Years ago, during the Ovate year of my Druid training, I explored my own death. We did this by doing journey-work/guided meditation to first imagine we had a year to live, then a month, a day, and finally we were sitting at the moment of death. We were looking to see how we would choose to experience death. Later during the same weekend, we dug our own graves, and were placed ceremonially into the Earth…sleeping in our graves, we spent the night with whatever emotions came to call. As powerful of an experience as this was, it was in many ways easy for me, as I have had a deep/personal relationship with death my whole life.

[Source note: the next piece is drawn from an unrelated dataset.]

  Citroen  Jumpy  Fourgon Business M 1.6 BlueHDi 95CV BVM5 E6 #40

However, about a month or so after the death weekend (sleeping in my grave), I was pulling out of a busy intersection with my son. He had been trying to listen to his music on the stereo, but for some reason nothing was coming out. As we pulled out of the intersection, the radio came on, blaring music. In that moment I was so shocked that my spirit stepped out of my body. I hovered above myself for a brief moment, long enough to think…”Oh shit! We were just hit by a car, I must be dead.” I was not in distress, I simply believed that my death had come for me. My next thought was “Well, that’s that, I hope Kaolin (my son) is OK”.

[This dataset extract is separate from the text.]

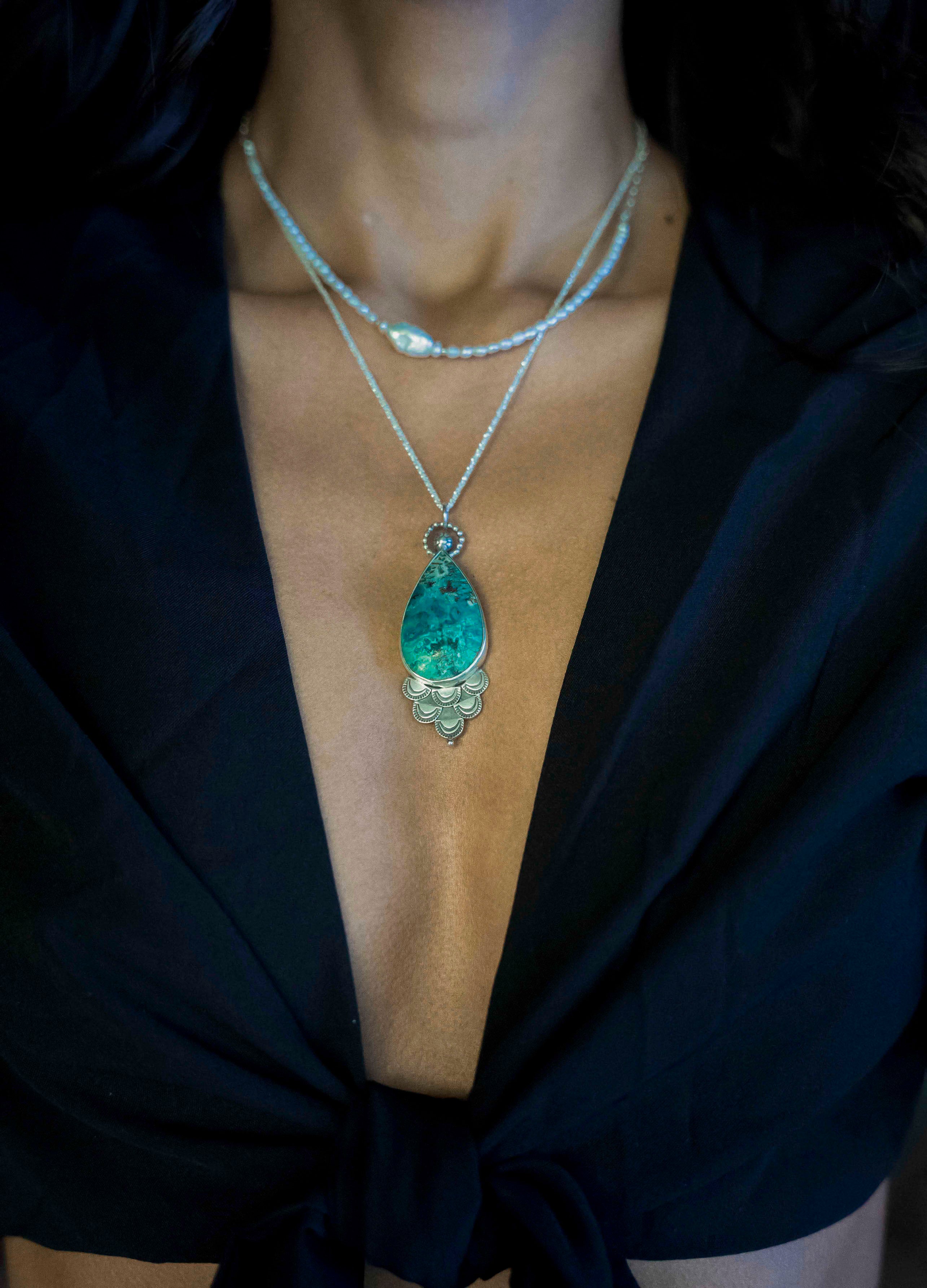 MERMAID JEWEL NECKPIECE: Australian Chrysocolla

Seconds later, I realized I was not dead, and settled back nicely into my body.
That moment has stuck with me for years now, my mind going back to it over and over again, when I meet with families who have lost their loved ones due to tragic accidents. I know now, that I too would step quickly out of my body, if faced with such tragedy. Hell, I will most likely jump out of my body if there is too much discomfort, let alone immanent death.
I find that death is often misunderstood, and rightfully so. We don’t get a rule book, or even much of a way of an agenda. None of us know when or how we or the ones we love are going to pass. Death can come for us at any moment. I suppose that is why people can be so troubled by it. When left to nothing but our imaginations, the stories we can come up with are vast, and generally a lot worse than reality. We humans have been living and dying for a long, long time now, and we have learned a thing or two about it, even if we don’t seem to remember the process. For those who have lost someone tragically, I hope these words can be of some comfort. Knowing that the ones we love passed in peace, is something we all hope for.